What is it about?
Xanthomonas campestris pv. campestris (Xcc) is the causal agent of black rot, a highly destructive disease that affects all brassicas. This work aimed to study the interaction Xcc-Brassica oleracea using an in vivo system in an attempt to identify proteins involved in pathogenicity. We used label-free shotgun 2D-nanoUPLC/MSE to analyze Xcc proteins in three conditions: in the interaction with susceptible (REK) and resistant (REU) plants and in culture medium (control condition). A model of Xcc-susceptible host interaction is proposed and shows that Xcc increases the abundance of several crucial proteins for infection and cell protection. In this study, we also confirmed the differential expression by qPCR analysis of selected genes.

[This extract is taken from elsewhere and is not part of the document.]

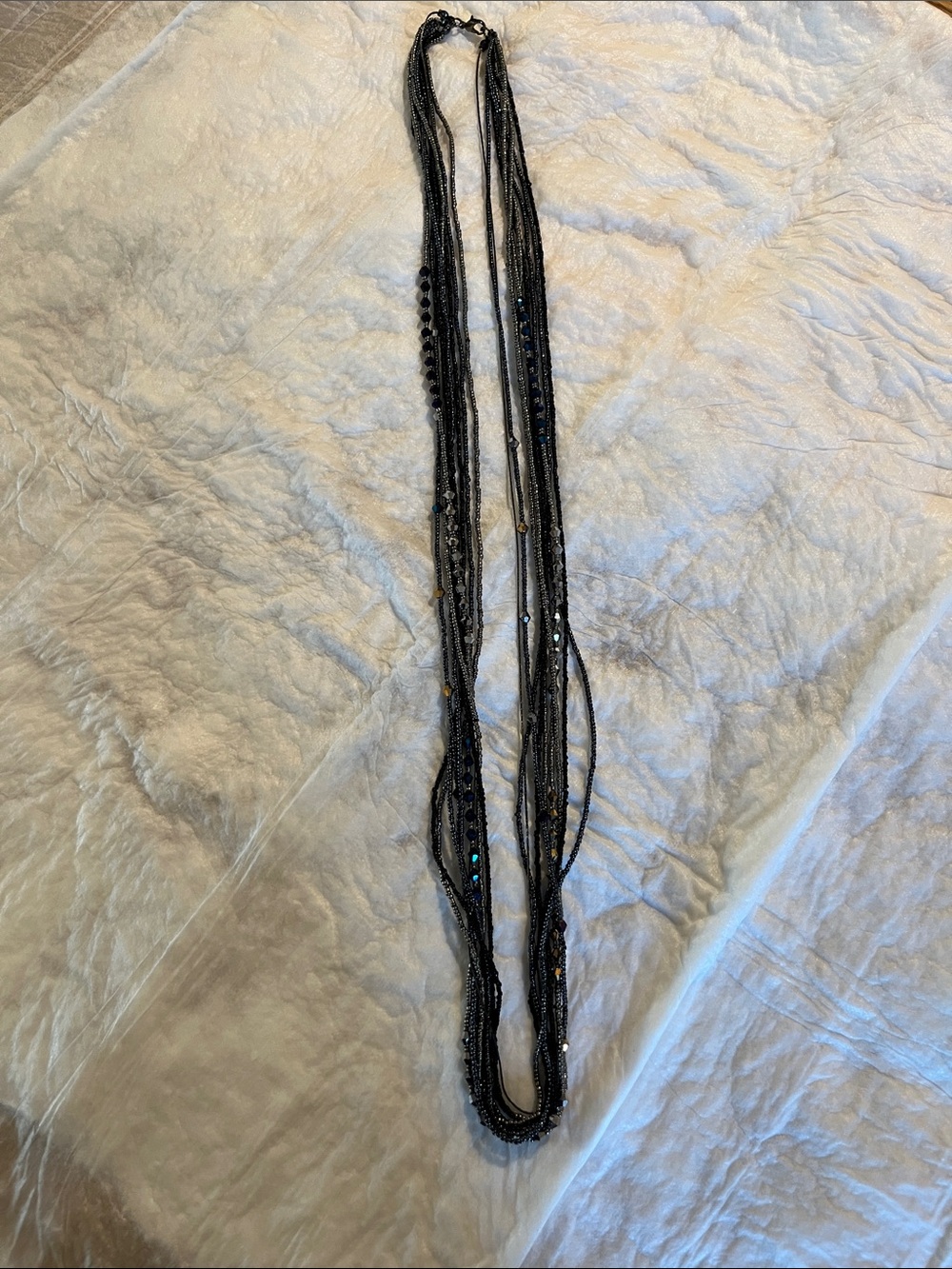 Source Unknown Black Multi-Strand Beaded Necklace with Iridescent Accents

This is the first report showing a large-scale identification of proteins in an in vivo host plant condition. Considering that most studies involving phytopathogens are in vitro (growth in culture medium or in plant extract), this work contributes with relevant information related to the plant-pathogen interaction in planta.
Why is it important?
Black rot disease, caused by Xanthomonas campestris pv. campestris (Xcc), is a serious problem that affects the production of crucifer plants worldwide. Understanding Xcc–host plant interaction is crucial to obtain more effective strategies to control this disease. Most studies of phytopathogenic bacteria are performed in culture media. In this work, we analyzed the interaction Xcc–Brassica oleracea using an in vivo system to identify proteins involved in pathogenicity by label-free shotgun proteomics. We present a model of Xcc–susceptible host interaction and show several proteins differentially abundant in the plant–pathogen interaction in planta.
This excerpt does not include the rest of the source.